A despeito de todo reforço no combate ao garimpo, o diretor disse que há locais de resistência e novas fronteiras de garimpo dentro do território que ainda tentam extrair o ouro e a cassiterita, outro minério que nos últimos anos teve sua cotação elevada e com amplo uso na indústria.
"Essas regiões devem ter alguém que financia que a Polícia Federal está tentando mapear", revelou o diretor.

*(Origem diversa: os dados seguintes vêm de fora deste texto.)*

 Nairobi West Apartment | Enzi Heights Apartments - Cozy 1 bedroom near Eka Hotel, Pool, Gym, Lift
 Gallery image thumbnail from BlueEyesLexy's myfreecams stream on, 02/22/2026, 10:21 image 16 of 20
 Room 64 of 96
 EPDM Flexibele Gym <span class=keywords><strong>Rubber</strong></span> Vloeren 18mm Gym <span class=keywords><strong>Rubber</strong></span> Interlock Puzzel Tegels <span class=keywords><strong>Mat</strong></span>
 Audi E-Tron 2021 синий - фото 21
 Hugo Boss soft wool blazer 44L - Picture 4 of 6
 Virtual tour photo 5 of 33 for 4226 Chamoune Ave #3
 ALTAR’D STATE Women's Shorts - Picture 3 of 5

Para a ministra dos Povos Indígenas, Sônia Guajarara, as conquistas na redução do garimpo, ampliação dos serviços de saúde, a recuperação ambiental e a garantia da segurança alimentar mostram um esforço das instituições em garantir um futuro digno e sustentável para essas comunidades.
"O fortalecimento da presença do Estado na Terra Indígena Yanomami é uma prova de que estamos construindo um novo caminho para a autonomia e a dignidade dos povos da região, em sintonia com seus modos de vida e com a preservação de seu território", afirmou ela, em comunicado do governo.
Entretanto, lideranças indígenas disseram na semana passada em publicações na conta da associação Hutukara Associação Yanomami (HAY) no Instagram, a propósito dos dois anos do decreto de emergência do governo, que o garimpo continua no território, as águas estão contaminadas, que ainda há vários casos de malária, doenças respiratórias e diarreias.
"Queremos que os postos de saúde fiquem bem equipados, que possamos retomar os atendimentos de telemedicina", disse Júlio Ye'kwana, presidente da Associação Wanassedume Ye'kwana (Seduume), na publicação.
PRÓXIMOS PASSOS
O governo deve inaugurar em breve uma unidade hospitalar de apoio ao território, com 75 leitos exclusivos aos indígenas, um destacamento especial de fronteira e concluir a reforma de outra unidade militar, ambos dentro da terra indígena, para aumentar a presença estatal na localidade. A presença das Forças Armadas com a operação Catrimani foi prorrogada até janeiro do próximo ano.
O diretor da Casa de Governo afirmou que há uma discussão entre indígenas e o governo de envolver as comunidades, especialmente os jovens, no monitoramento e preservação após a operação de desintrusão dos garimpeiros. Há sugestões até de remunerar os indígenas para isso.
A iniciativa poderia ser uma alternativa para os indígenas porque há uma ociosidade desde o fim da presença ostensiva de garimpeiros no território até 2022.
"Você tira essa estrutura do garimpo, o jovem não tem o que fazer", contou.
"Os indígenas seriam os monitores do seu território; tanto aqui, na Munduruku (no Pará), que têm uma extensão grande, se não tiver a participação deles nesse pós-desintrusão fica muito difícil", reconheceu Tubino.
O território Munduruku, localizado no Pará e que em novembro passado começou a ser alvo de uma megaoperação de desintrusão, ainda convive com uma dificuldade adicional que é a atuação do próprio indígena nas atividades garimpeiras, conforme mostrou reportagem recente da Reuters.